Everything from the line containing "1x2 HDMI Splitter, 4Kx2K@60Hz, EDID, HDCP" through the last line of the data below is to be retyped exactly, apart from the pictures.

────────────────

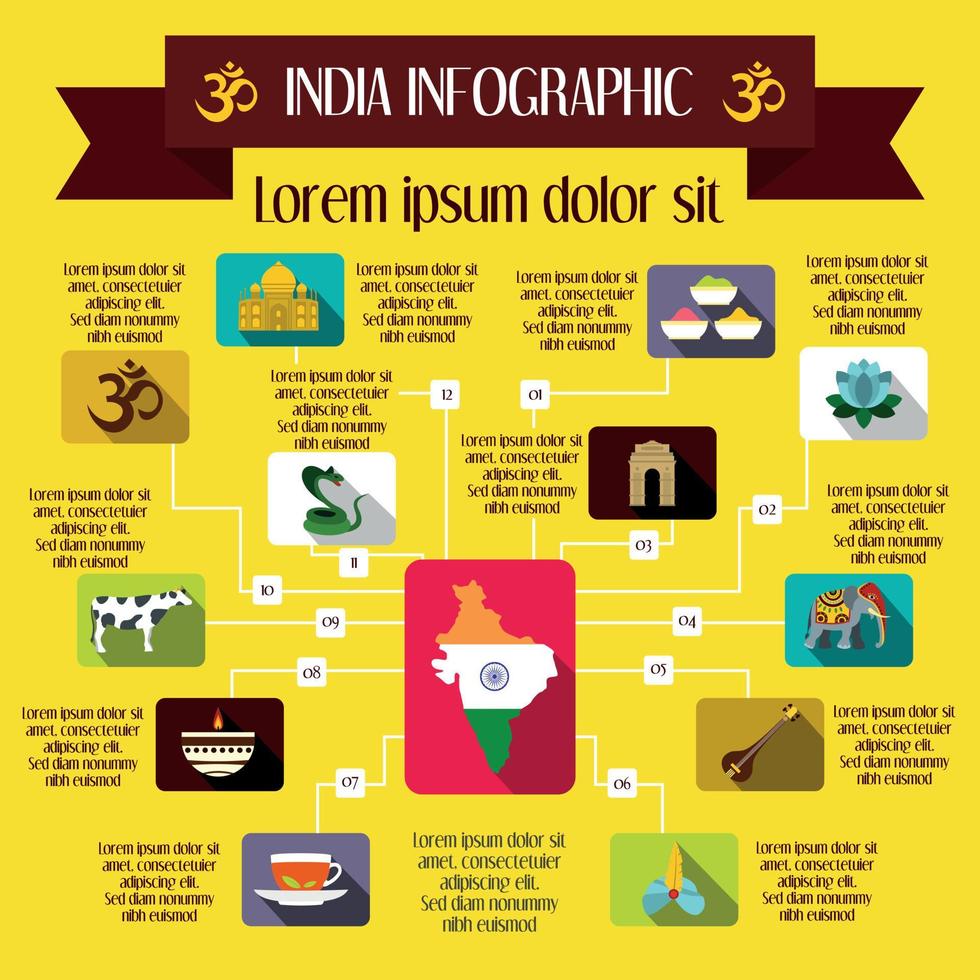India infografía elementos, plano estilo vector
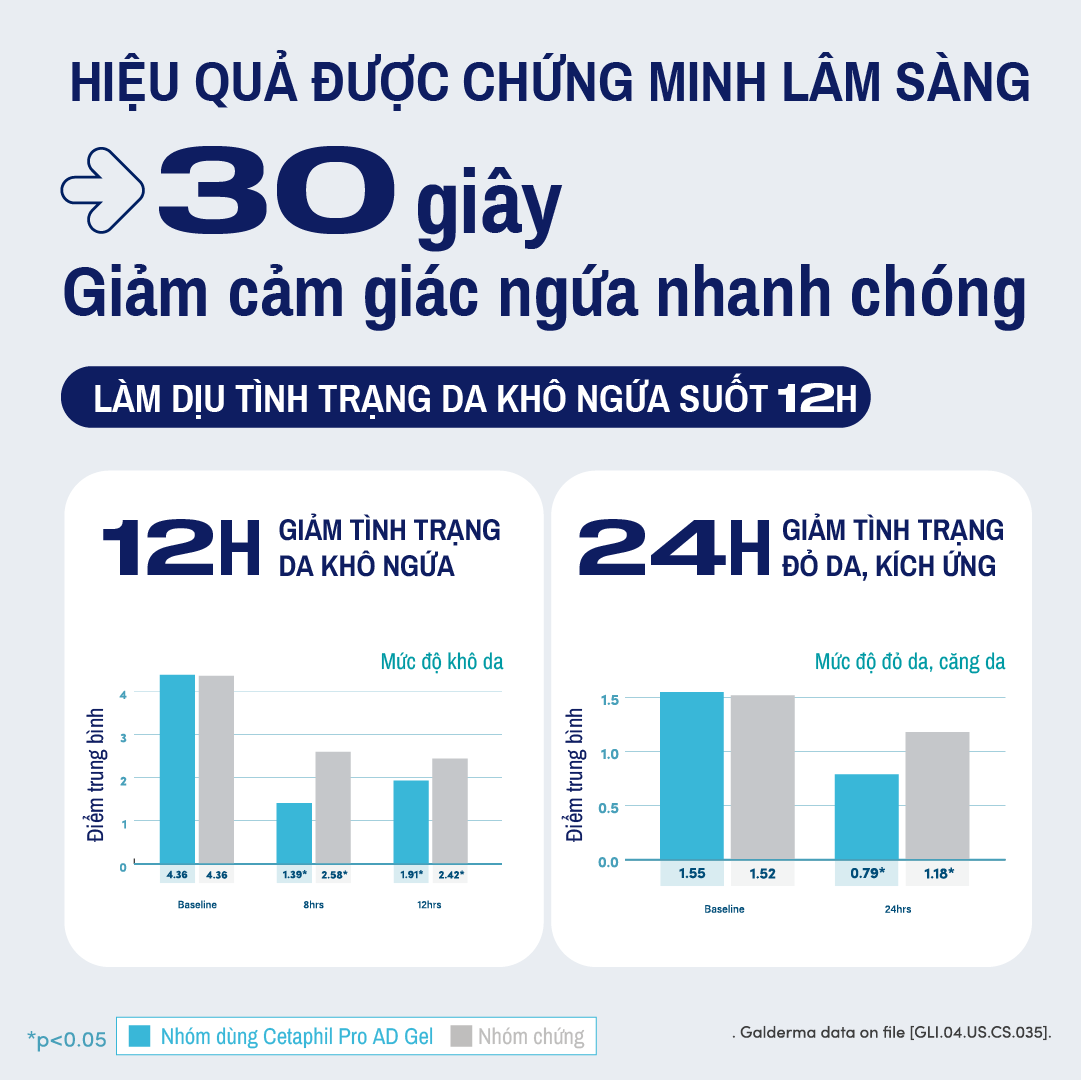 Gel L&agrave;m Dịu V&agrave; Hỗ Trợ Giảm Ngứa Cho Da Ch&agrave;m, Vi&ecirc;m Da Cơ Địa Cetaphil Pro AD Derma Instant Relief & Moisturising Gel9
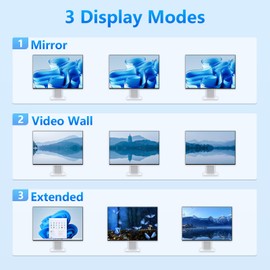 KVM Switch 3 Monitors 2 Computers, HDMI 4K@60Hz KVM Switch with USB3.0, 2 Computers Share One Set of Keyboard, Mouse and Monitors, Supports Windows/Mac/Linux (KVM Switch 3 Monitors 2 Computers)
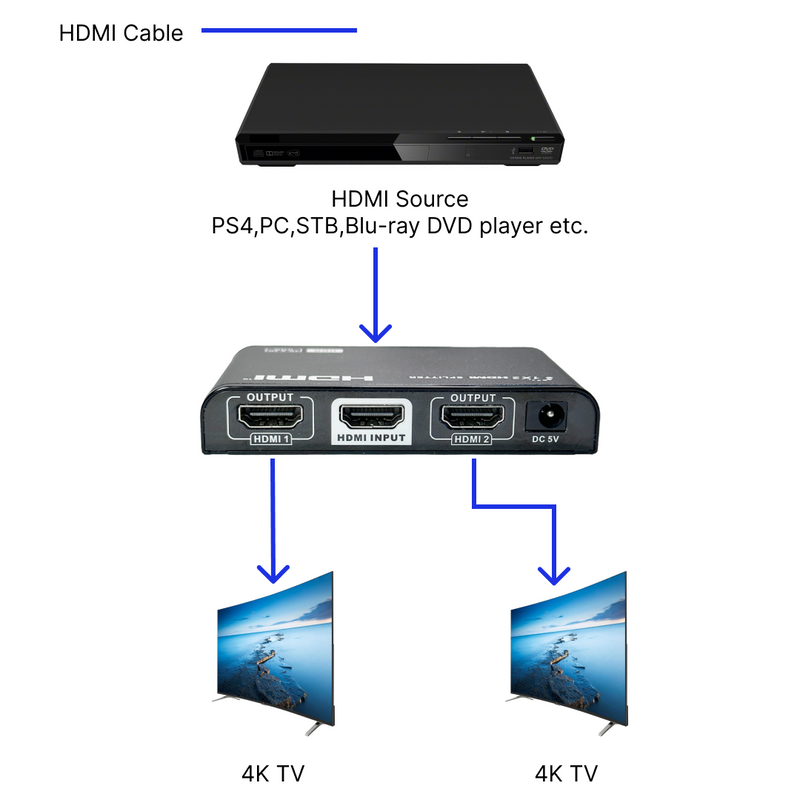 1x2 HDMI Splitter, 4Kx2K@60Hz, EDID, HDCP 2.2, YUV 4:4:4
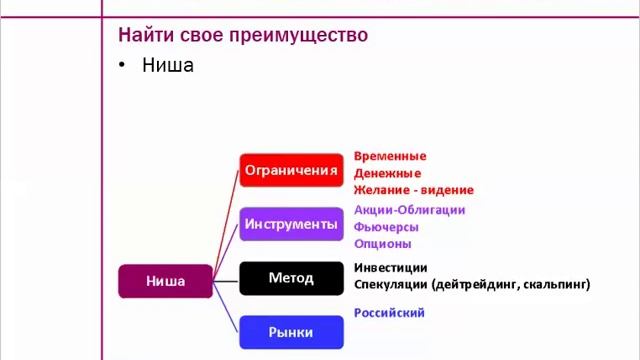 Секреты тренировки трейдера. Часть 1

────────────────

ANSWER BELOW →
 1x2 HDMI Splitter, 4Kx2K@60Hz, EDID, HDCP 2.2, YUV 4:4:4
 Секреты тренировки трейдера. Часть 1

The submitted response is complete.